My PhD experience: reading and writing

I am a first-generation university graduate. Having said that, although my parents never went to college, they provided me with many socio-economic advantages and encouraged me to work out ‘how’ to succeed. I did my PhD at Warwick University following a BA in Fine Art and a Masters in Electronic Media.  In 1990, when I began my PhD research, I was a visual artist with a part-time teaching job at a local Further Education / community college.

I am a visual thinker, an avid reader and an anxious writer. My mother, Joan, an extremely well-read autodidact, started me reading early. From a young age I read anything and everything I could get my hands on. At breakfast I compulsively read cereal packets, classified ads, motoring magasines and the newspaper. Starting from when I was a small kid, reading under the bedclothes with a torch, I read myself to sleep for an hour each night.  Back then, I secretly raided Mum’s bookshelves aged 10 onwards, reading “The Joy of Sex”, to everything written by James Baldwin, from then-baffling books by Henry Miller to the classics, and I returned, again and again, to the Liverpool poets. You can read more about my family and their influences on my life and my art website, here.

When I was fourteen Mum signed me up for an advanced reading and study course. I learned to speed read, how best to mark up texts, how to make notes to help me revise and summarise texts. It was a blessing and a curse. To this day I struggle to ‘switch off’ my speed reading which is premised on reading a text at least three times. This is no problem when reading papers and academic texts  as this is what most of us do, read repeatedly.

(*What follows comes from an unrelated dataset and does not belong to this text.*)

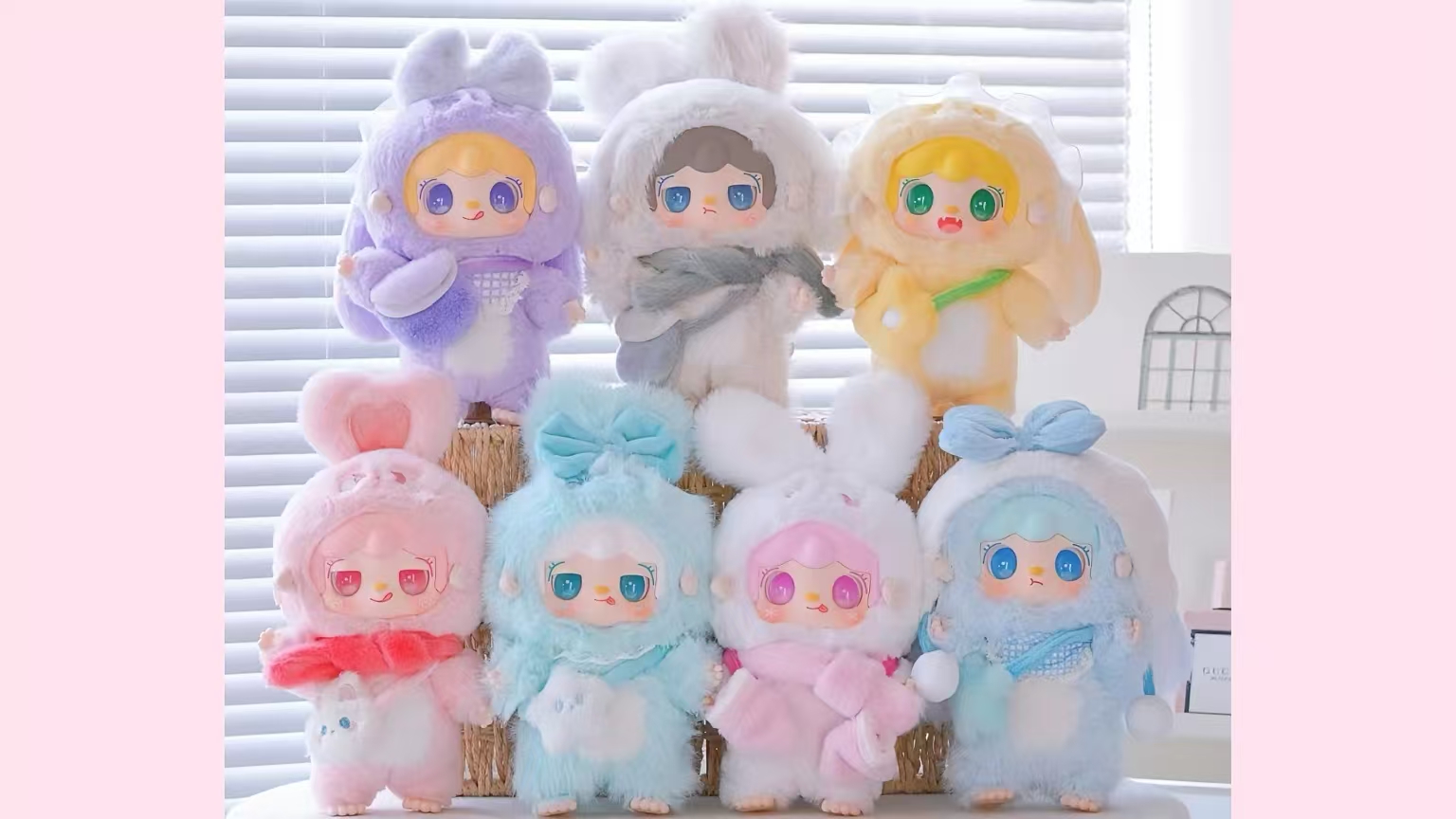 Amazon.co.jp: Briskyjp YOOKI 第三弾 暖かいバニーシリーズ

However, it’s a curse when I fly through novels, my habitual bedtime reading, but apparently retain almost nothing afterwards and I don’t want to re-read them 3 or 4 times. Having said that,  if I pick the novel up again, even years later, and start reading, the whole story comes back. Nowadays, I love my e-reader because I can store hundreds of texts and speed read chapters and articles multiple times, highlighting sections for quick reference using those study skills from so long ago.

Despite my love of reading, my writing skills were weak when I went into my PhD and I still have to work hard to write an acceptable academic paper, such as these I’ve posted to Academia.edu. My inspirational PhD supervisor, David Jenkins, taught me to research and he honed my reading skills.